Florida drivers may not be aware that per rules issued jointly by the Federal Motor Carrier Safety Administration and the Pipeline and Hazardous Materials Safety Administration, interstate operators of buses and semi-trucks, along with other drivers that essentially institute a truck texting ban. The rules say that trucks transporting certain amounts of hazardous substances may not text or use cellphones while driving. If drivers violate this truck texting ban they could be subject to driver disqualification. They could also be fined as much as $2,750, and such a violation will have an effect on the driver’s Safety Measurement System results. If a motor carrier requires drivers to text or use a handheld cellphone while operating their vehicles, they may be fined as much as $11,000.
What, in these circumstances, constitutes texting while driving? Texting means to send a text or read a text from a cellphone or other electronic device. This also includes sending emails, accessing the Internet, instant messaging or pressing more than one button to begin or end a voice communication on a cellphone. In fact, commercial motor vehicle drivers may not reach for or even hold a cellphone, or press more than one button. Commercial motor vehicle drivers may use a nearby hands-free cellphone. They may also use their cellphone’s speaker function or an earpiece. They can also use a one-button command or voice activation to begin or end a call.
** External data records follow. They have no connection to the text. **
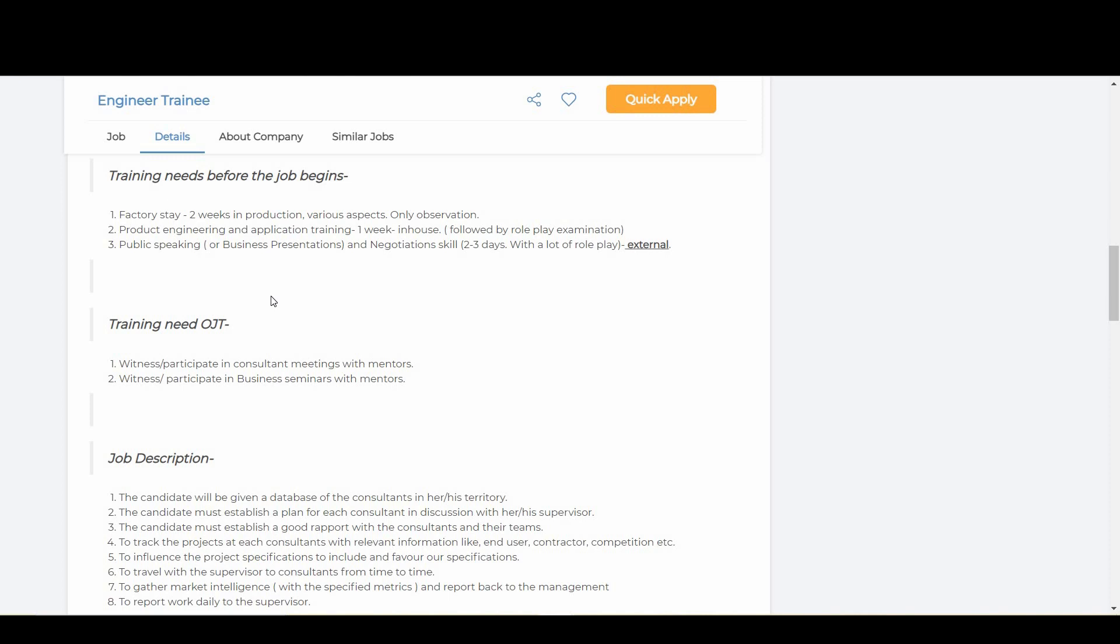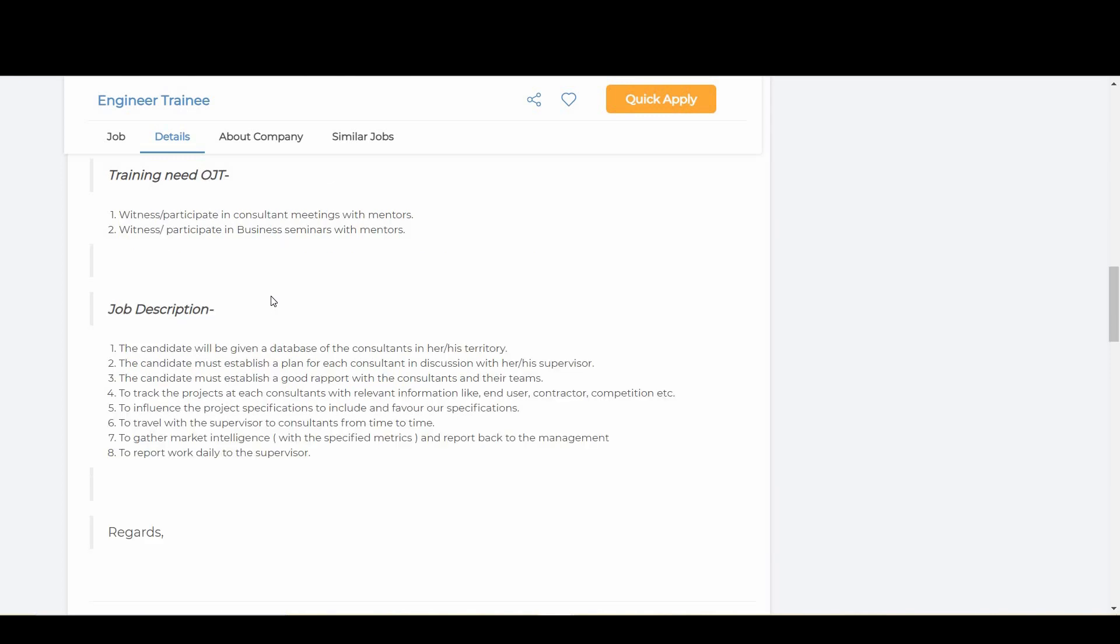The next important point is training. First is factory stay - two weeks in production, various aspects, only observation. Next comes product engineering and application training - one week in-house followed by role play examination. The third one is public speaking or business presentations and negotiation skills, which is two to three days with a lot of role play. Training will be OJT - participate in consultant meetings and also participate in business seminars.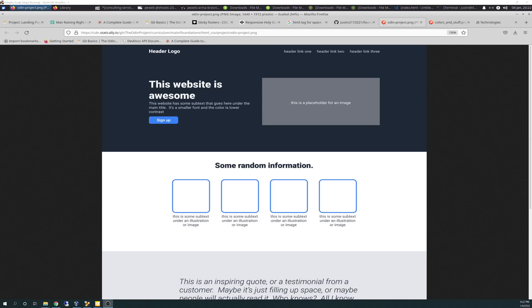Hello there again, friends. Today is 1-4-2022, and today is Odin Project Day 31, and we're on landing page part 4, I believe.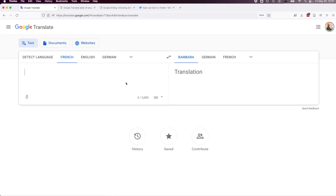Aoniche! Big news! Bambara has finally been added to Google Translate.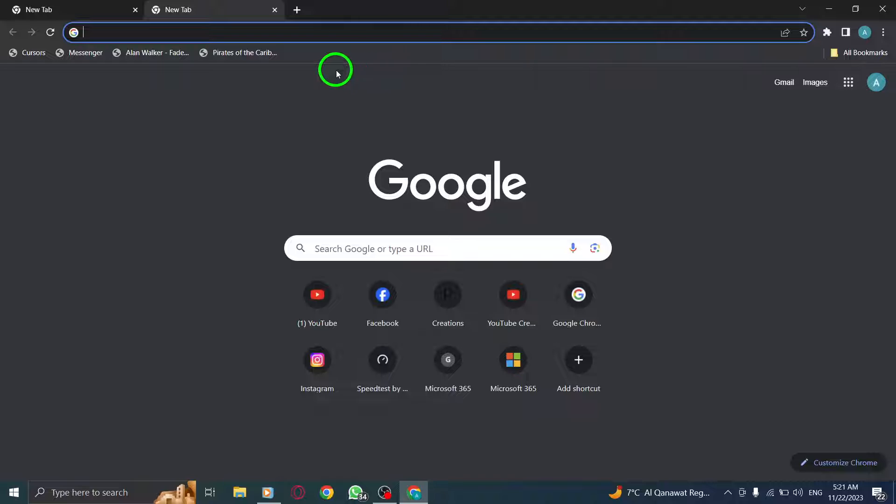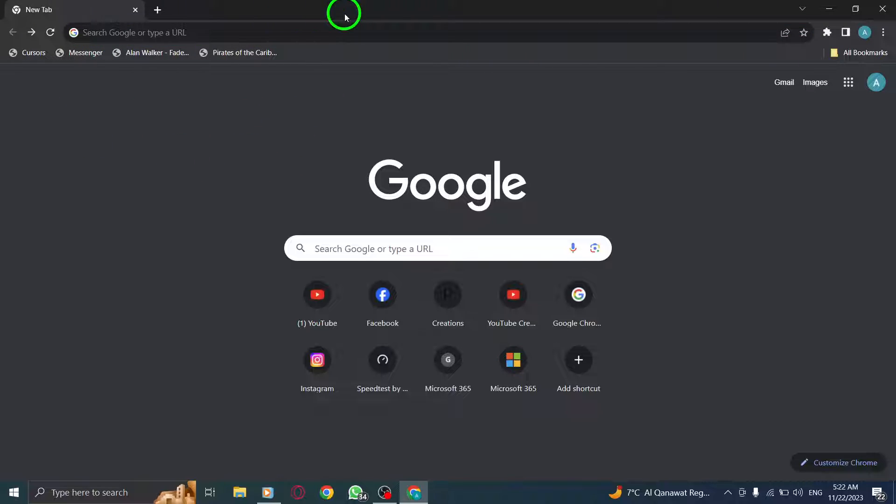And there you have it. Opening a new tab in Chrome on your PC is as easy as 1, 2, 3.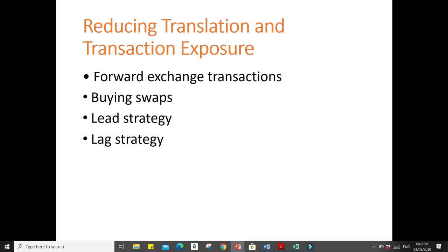This ends my lecture for the second part of the foreign exchange market topic. I'll see you on the next lecture.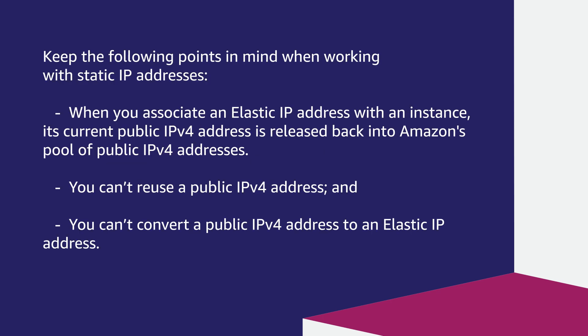Keep the following points in mind when working with static IP addresses. When you associate an Elastic IP address with an instance, its current public IPv4 address is released back into Amazon's pool of public IPv4 addresses. You can't reuse a public IPv4 address and you can't convert a public IPv4 address to an Elastic IP address.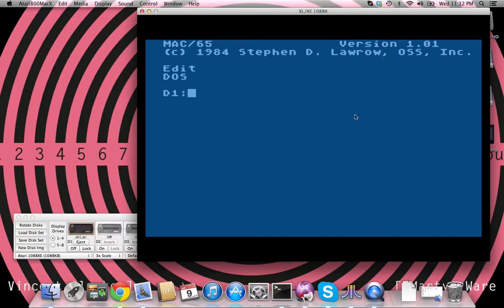There are two things happening, you have display list interrupts changing the color of each line, and you also have the vertical blank interrupt basically altering the zero paid register so that it will color cycle.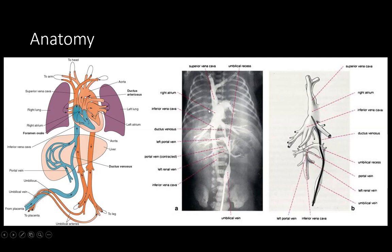This is a simple venogram of the umbilical vein. The umbilical vein goes up, this is the umbilical recess where it joins the left portal vein. From there it goes posteriorly through the ductus venosus, joins the inferior vena cava, and continues towards the right atrium.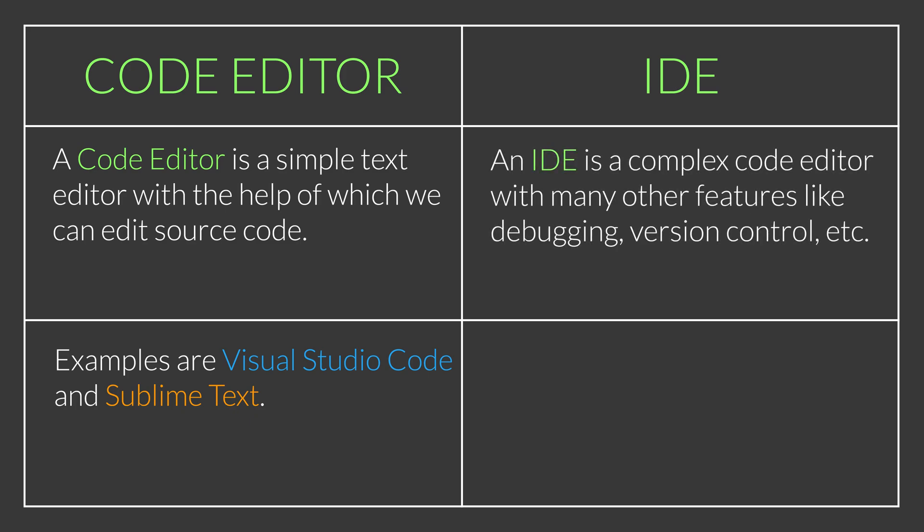An IDE is a complex code editor with many other features like debugging, version control, etc. Examples are Visual Studio and Rider Editor.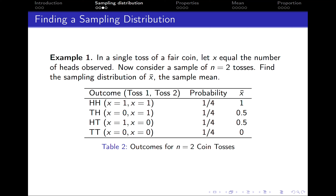Let's see how a sampling distribution can be found for a real life example. We are tossing a coin and let x equal the number of heads observed. We toss the coin two times, so a sample consists of two tosses, and the task is to find the sampling distribution of the sample mean.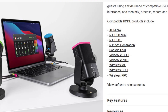Here's a list of compatible RODE devices: the AI Micro, the NT-USB Mini, the NT-USB Plus, NT1 5th Generation, PodMic USB, VideoMic Go 2, VideoMic NTG, Wireless Mi, Wireless Go 2, and Wireless Pro.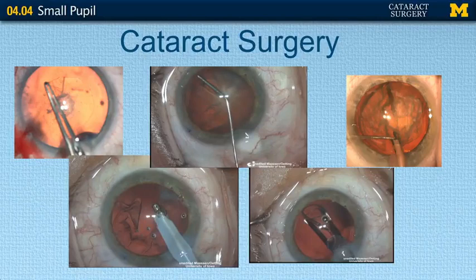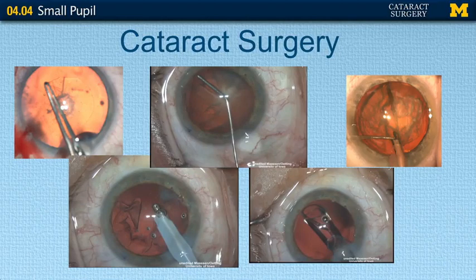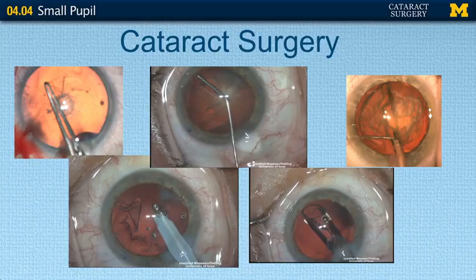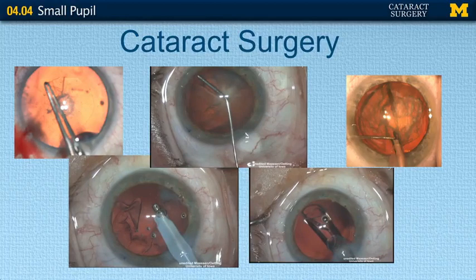A small pupil affects various stages of cataract surgery. The first step it affects would be your capsulorhexis. We often use the size of the pupil as a guide to constructing the capsulorhexis, so if you have a small pupil the capsulorhexis tends to be very small, which can lead to difficulties in irrigation and aspiration when trying to remove the sub-incisional cortical material. The other step it can affect would be hydrodissection — with a small pupil, seeing the fluid wave becomes more difficult. Phacoemulsification can also be affected as far as being able to see the nuclear fragments to remove them.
The risks of using a cellphone while driving are well documented. Commercial motor vehicle operators are over 23 times more likely to be involved in a near-accident, semi-truck accident or unintentional lane change than those who are not using cellphones. Drivers who engage in texting while driving take their attention away from the road for approximately 4.6 seconds. If driving at highway speeds, this means the driver is essentially crossing 100 yards with their eyes closed — that’s as long as a football field.
As this shows, there are many good reasons for a truck texting ban. Accidents involving commercial motor vehicles or those carrying hazardous materials can be especially catastrophic and cause serious injuries, due to the nature of the vehicle’s size, weight and loads. With all that is at stake, why take the risk? Avoid texting while driving.